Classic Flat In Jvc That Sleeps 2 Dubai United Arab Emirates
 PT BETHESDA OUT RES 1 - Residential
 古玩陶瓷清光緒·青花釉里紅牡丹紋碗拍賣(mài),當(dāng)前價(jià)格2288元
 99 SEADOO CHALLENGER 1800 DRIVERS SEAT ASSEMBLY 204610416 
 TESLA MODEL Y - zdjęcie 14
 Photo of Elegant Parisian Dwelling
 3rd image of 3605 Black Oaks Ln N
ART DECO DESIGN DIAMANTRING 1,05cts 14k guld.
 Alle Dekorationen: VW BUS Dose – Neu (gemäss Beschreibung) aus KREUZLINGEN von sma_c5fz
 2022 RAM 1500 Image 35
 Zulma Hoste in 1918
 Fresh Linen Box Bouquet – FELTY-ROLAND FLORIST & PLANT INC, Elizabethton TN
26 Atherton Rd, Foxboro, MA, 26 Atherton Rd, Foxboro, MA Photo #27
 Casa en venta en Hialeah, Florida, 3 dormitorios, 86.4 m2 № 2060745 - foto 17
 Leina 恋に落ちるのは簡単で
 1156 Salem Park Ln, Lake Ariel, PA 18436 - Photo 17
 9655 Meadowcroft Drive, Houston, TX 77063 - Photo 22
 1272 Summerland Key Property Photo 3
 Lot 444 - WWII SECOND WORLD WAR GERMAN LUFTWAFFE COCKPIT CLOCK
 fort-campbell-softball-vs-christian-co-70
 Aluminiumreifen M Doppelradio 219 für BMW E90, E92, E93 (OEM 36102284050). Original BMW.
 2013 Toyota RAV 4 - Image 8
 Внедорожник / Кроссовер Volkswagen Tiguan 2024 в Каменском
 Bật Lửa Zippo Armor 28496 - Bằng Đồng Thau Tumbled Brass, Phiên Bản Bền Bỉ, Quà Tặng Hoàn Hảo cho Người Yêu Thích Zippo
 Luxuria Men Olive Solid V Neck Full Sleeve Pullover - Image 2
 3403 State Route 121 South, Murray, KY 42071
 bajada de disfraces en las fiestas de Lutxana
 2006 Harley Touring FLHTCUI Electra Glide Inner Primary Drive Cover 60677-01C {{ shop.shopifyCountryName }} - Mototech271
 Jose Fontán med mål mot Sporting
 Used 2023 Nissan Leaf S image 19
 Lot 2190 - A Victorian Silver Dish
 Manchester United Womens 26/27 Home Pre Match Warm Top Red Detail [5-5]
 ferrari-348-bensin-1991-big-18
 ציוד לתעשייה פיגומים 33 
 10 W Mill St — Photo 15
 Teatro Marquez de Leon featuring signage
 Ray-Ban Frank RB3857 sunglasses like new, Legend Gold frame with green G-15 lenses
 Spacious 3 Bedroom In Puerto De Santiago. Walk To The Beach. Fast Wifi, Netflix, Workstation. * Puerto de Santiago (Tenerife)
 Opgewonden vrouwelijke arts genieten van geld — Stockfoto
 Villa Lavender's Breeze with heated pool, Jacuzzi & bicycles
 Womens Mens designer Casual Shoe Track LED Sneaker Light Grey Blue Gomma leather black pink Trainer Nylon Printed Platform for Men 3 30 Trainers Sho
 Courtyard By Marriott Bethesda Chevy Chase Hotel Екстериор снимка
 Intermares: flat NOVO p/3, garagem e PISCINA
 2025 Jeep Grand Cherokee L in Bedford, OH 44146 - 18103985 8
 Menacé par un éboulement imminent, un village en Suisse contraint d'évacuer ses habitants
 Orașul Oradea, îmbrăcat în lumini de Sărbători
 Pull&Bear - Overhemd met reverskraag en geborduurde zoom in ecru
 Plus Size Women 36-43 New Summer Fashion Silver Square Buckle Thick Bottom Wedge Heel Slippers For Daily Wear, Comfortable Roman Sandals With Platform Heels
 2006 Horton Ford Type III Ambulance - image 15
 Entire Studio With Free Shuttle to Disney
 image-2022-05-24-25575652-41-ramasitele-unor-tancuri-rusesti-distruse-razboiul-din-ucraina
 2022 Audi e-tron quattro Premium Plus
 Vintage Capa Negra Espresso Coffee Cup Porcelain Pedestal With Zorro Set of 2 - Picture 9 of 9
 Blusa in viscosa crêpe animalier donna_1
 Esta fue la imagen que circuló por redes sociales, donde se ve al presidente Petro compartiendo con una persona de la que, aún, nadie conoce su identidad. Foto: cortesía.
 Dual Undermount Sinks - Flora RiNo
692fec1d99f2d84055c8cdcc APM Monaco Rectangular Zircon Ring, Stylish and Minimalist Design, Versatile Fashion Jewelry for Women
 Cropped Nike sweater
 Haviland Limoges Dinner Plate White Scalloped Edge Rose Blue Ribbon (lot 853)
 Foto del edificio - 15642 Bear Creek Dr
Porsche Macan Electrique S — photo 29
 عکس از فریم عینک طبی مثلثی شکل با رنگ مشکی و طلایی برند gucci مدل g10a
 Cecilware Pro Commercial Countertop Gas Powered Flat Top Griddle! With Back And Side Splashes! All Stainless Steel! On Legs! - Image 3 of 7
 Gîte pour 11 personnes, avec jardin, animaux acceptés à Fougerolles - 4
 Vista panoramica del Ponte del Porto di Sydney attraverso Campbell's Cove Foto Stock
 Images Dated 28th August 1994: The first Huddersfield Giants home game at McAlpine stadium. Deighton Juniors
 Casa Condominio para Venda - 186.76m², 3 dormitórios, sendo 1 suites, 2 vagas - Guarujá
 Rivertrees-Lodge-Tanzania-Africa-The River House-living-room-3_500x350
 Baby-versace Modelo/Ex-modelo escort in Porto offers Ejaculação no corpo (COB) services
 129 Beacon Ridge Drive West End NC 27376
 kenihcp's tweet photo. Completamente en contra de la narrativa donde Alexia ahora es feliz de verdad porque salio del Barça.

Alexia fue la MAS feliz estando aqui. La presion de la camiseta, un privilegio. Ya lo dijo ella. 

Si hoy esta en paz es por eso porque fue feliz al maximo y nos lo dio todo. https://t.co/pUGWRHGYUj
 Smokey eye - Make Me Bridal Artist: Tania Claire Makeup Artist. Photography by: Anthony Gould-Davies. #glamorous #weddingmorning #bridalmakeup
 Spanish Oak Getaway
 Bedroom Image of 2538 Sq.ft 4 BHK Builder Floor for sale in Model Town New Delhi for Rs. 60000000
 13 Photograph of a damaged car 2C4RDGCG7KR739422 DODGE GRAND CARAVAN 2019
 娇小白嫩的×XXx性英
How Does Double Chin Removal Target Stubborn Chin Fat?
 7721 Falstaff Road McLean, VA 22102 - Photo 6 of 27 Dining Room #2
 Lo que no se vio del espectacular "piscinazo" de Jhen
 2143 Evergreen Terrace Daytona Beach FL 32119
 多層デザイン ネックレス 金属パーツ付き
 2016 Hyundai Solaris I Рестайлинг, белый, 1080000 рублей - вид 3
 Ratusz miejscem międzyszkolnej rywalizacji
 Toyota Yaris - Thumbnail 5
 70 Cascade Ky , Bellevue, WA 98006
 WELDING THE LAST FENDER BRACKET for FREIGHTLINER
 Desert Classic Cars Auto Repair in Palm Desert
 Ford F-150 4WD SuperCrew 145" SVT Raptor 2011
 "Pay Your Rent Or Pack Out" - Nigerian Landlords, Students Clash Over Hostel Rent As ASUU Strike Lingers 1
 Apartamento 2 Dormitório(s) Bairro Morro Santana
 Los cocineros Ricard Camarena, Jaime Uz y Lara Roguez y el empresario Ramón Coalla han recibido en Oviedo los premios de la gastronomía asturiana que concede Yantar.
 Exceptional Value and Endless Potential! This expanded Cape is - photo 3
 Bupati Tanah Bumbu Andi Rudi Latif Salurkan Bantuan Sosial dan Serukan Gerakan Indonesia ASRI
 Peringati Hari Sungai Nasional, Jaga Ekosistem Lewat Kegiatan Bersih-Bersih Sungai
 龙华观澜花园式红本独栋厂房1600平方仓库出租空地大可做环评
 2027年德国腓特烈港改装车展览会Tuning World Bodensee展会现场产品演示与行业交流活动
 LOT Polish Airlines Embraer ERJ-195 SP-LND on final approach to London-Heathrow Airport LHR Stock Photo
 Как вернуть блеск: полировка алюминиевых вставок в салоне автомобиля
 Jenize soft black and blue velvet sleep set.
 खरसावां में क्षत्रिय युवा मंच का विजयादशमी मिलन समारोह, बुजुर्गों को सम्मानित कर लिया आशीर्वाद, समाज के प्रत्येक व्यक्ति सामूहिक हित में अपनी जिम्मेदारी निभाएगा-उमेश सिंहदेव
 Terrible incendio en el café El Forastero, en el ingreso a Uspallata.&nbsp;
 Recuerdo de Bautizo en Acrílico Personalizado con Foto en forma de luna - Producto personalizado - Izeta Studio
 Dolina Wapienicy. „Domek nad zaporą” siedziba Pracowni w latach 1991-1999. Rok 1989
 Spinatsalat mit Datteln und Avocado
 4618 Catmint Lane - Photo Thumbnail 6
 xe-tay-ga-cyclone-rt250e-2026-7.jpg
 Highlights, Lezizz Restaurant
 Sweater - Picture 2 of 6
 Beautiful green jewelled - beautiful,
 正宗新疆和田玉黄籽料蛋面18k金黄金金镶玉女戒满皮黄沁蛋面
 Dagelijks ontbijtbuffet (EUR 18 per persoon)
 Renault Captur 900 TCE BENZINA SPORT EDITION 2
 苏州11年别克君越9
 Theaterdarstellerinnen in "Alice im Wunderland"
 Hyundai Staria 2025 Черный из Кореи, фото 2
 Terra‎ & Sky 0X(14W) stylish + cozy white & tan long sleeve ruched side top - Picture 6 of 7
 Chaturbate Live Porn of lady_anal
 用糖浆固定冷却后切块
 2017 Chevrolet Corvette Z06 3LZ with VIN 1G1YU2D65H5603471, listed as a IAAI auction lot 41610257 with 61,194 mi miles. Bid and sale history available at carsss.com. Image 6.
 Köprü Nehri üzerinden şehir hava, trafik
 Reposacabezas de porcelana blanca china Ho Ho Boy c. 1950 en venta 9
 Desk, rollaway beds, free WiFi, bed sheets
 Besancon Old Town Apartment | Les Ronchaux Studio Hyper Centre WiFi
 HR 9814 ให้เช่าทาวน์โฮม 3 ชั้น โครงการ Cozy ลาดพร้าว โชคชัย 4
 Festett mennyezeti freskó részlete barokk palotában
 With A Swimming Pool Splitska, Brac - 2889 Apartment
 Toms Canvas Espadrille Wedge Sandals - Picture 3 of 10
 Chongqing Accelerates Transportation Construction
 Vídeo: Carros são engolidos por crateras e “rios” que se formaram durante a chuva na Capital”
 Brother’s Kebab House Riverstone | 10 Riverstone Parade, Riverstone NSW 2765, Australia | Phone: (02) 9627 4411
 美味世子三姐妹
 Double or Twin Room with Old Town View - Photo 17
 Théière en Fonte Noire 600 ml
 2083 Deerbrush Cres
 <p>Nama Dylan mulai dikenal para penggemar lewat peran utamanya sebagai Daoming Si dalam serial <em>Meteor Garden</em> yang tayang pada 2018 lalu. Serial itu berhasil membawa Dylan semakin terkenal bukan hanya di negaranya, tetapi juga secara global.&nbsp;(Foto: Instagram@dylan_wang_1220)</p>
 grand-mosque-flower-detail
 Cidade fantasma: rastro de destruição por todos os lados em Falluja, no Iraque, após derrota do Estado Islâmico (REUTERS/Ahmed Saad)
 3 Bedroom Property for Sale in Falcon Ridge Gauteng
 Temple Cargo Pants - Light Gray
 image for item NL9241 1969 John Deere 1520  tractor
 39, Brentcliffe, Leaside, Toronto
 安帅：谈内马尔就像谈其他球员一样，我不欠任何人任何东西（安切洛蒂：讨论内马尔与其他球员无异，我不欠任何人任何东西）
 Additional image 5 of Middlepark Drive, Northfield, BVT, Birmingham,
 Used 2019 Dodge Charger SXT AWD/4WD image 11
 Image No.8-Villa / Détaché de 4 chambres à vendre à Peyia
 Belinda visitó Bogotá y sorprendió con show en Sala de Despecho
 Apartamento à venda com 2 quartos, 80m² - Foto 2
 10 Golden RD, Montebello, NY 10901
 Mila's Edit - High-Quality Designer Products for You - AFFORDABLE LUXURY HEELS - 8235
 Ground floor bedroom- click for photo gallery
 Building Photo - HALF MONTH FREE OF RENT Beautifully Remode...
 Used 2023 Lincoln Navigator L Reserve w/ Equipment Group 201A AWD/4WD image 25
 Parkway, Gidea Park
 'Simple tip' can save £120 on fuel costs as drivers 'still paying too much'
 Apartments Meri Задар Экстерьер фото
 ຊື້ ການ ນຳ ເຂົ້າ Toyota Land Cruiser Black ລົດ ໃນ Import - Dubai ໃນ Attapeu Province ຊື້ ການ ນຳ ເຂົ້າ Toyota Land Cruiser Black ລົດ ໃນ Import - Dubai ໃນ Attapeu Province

§ REQUIRED ACTION: What you give back should be only the lines of the records above, starting at the line with "image for item" and ending at the line with "Ground floor bedroom- click", restated word for word.

§ SOLUTION:
 image for item NL9241 1969 John Deere 1520  tractor
 39, Brentcliffe, Leaside, Toronto
 安帅：谈内马尔就像谈其他球员一样，我不欠任何人任何东西（安切洛蒂：讨论内马尔与其他球员无异，我不欠任何人任何东西）
 Additional image 5 of Middlepark Drive, Northfield, BVT, Birmingham,
 Used 2019 Dodge Charger SXT AWD/4WD image 11
 Image No.8-Villa / Détaché de 4 chambres à vendre à Peyia
 Belinda visitó Bogotá y sorprendió con show en Sala de Despecho
 Apartamento à venda com 2 quartos, 80m² - Foto 2
 10 Golden RD, Montebello, NY 10901
 Mila's Edit - High-Quality Designer Products for You - AFFORDABLE LUXURY HEELS - 8235
 Ground floor bedroom- click for photo gallery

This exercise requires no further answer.